Divalent-cation-mediated interactions of PIP2 induce negative curvature independent of clustering

Three PIP2 dimer schemes were analyzed. In the first, a dimer is defined by its interactions with neighboring PIP2 (Fig. 3, left column). Redistribution analysis indicated dimers were consistent with twice the monomer model (compare twice the value of the striped bar and the crosshatched bar, $⟨c_{\text{dimer}}⟩=\left(1.9\pm 0.5\right)⟨c_{\text{monomer}}⟩$ when compared at p = 0.05). Thus, PIP2-PIP2 interactions did not appear to influence curvature. Second, PIP2-PIP2 dimers were isolated if their interaction was mediated by ${\text{Ca}}^{2+}$ (Fig. 3, center column). ${\text{Ca}}^{2+}$ interactions within the dimer showed no significant changes in negative curvature (Fig. 3, solid purple and crosshatched bars; p = 0.15). Third, the dimer state was defined as a ${\text{Ca}}^{2+}$-mediated interaction with neighboring POPC (Fig. 3, right column). Here, a significant, non-additive negative curvature preference was detected (Fig. 3, solid purple to gray; p = 0.0093). Note that ${\text{Ca}}^{2+}$-mediated clustering of PIP2 has likely led to an overestimate of the PIP2 monomer spontaneous curvature, yielding a dimer additive model that overestimates the effect of a dimer (Fig. 3, first and second columns).

Figure 3.

Calcium-bridged interactions between PIP2 and POPC show strong negative curvature. Experienced curvature is plotted for lipids as monomers or as in complex. The additive model is shown in gray, and monomers are striped. Dimers are crosshatched. ${\text{Ca}}^{2+}$-mediated dimers are solid. The bottom panels are representative molecular configurations of each type (PIP2-PIP2, PIP2-${\text{Ca}}^{2+}$-PIP2, and PIP2-${\text{Ca}}^{2+}$-POPC). To see this figure in color, go online. Error bars represent one SEM.

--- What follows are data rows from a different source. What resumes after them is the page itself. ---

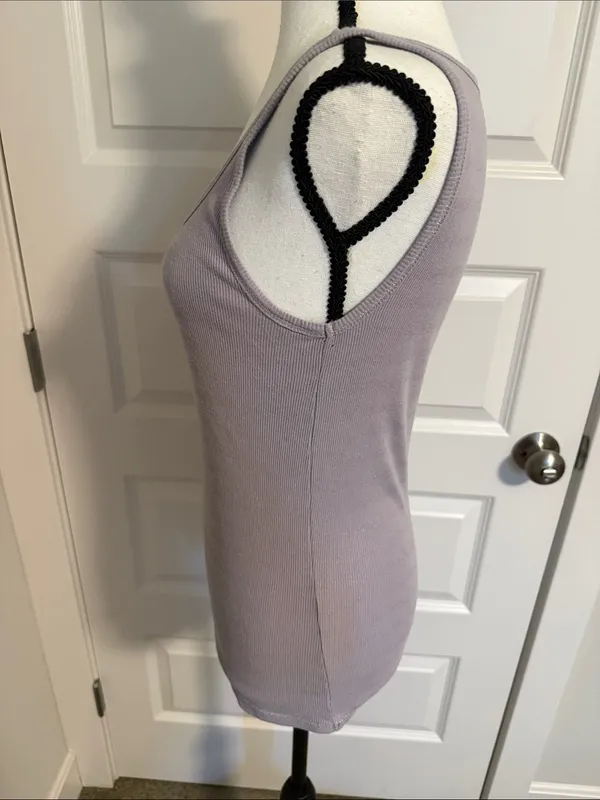 Loft| Women's Ribbed Scoop Neck Tank Top - Lavender with Light Silver Stripes - Image 4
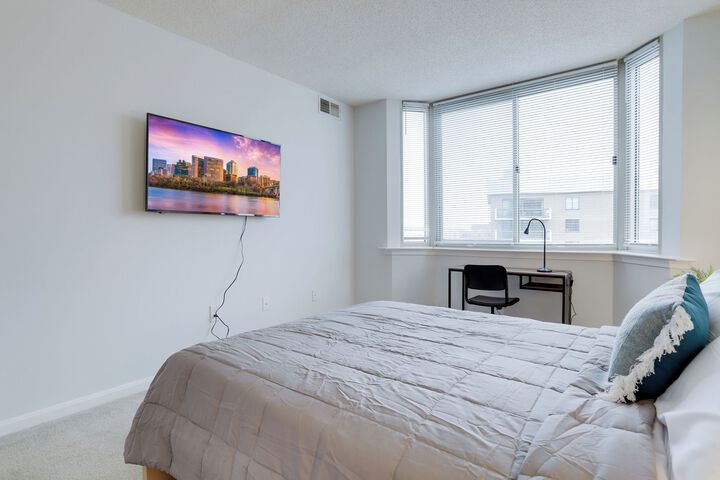 Room 167 of 195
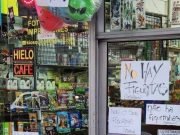 PASA EN REDES: UN KIOSQUERO PORTEÑO ESCRIBIÓ EN 17 IDIOMAS QUE “NO TIENE FIGURITAS DEL MUNDIAL”.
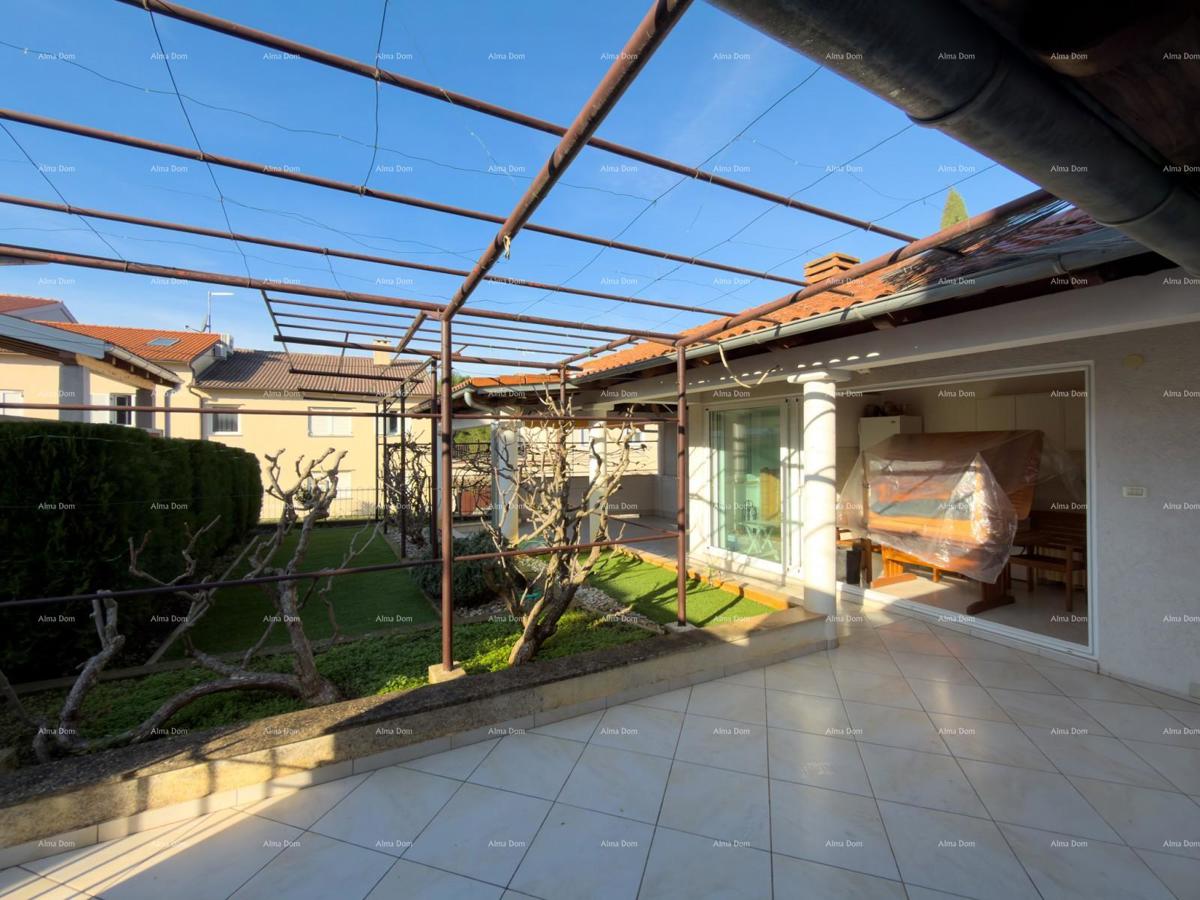 Pula – Casa con due unità abitative, a 50 m dal mare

These results support current models of PIP2 cluster curvature preference and highlight the need to better understand the role of divalent cations in mediating PIP2 heterodimer formation. While in native membranes PIP2 is a minor lipid species (52), it can form clusters that enhance local concentration (53). In this case, the PIP2 clusters should act as a slowly diffusing curvature-sensitive inclusion that contributes to softening. While the PIP2-PIP2 interactions within the clusters may not show a strong preference for negative curvature, these clusters are also surrounded by a myriad of other lipids. Our results suggest that further analysis of PIP2 clustering would show that curvature is affected by the boundary of a PIP2 domain, where conformations would more closely resemble the PIP2-${\text{Ca}}^{2+}$-POPC interaction we identify. These types of ion-mediated heterodimers present a potentially important case for conformational softening near PIP2 clusters that may have functional relevance for curvature-influencing proteins that bind PIP2 (4).

PSM complex formation promotes positive curvature

Fig. 4 shows that the monomeric state of PSM exhibits similar curvature preferences to POPC (little net curvature preference). Neighboring PSM lipids without hydrogen bonds do not show a positive curvature preference (Fig. 4, crosshatched bars). By comparison, PSM lipids that form amide-mediated hydrogen-bonded states exhibit a positive spontaneous curvature (Fig. 4, solid bars). This shift to a more positive spontaneous curvature becomes more pronounced as the mole fraction of PSM is increased. At 30 mol % fraction of PSM, the experienced curvature difference between dimer states with and without hydrogen bonds becomes statistically significant (p = 0.0038). The p values comparing the other states in this analysis can be found in Table S4. The relationship between the increased positive curvature preference of the hydrogen-bonded state and the mol fraction of PSM suggests that formation of the amide hydrogen bond helps to drive shift to more positive spontaneous curvature at higher concentrations of PSM.

Figure 4.

Curvature sensitivity of PSM dimers changes with hydrogen-bond formation and concentration. Experienced curvature is plotted for lipids as monomers or as in complex. The additive model is shown in gray, and monomers are striped. Dimers are crosshatched. Hydrogen-bond-mediated dimers are solid. The bottom panels are representative molecular configurations of the amide-hydrogen-bonded configuration. To see this figure in color, go online. Error bars represent one SEM.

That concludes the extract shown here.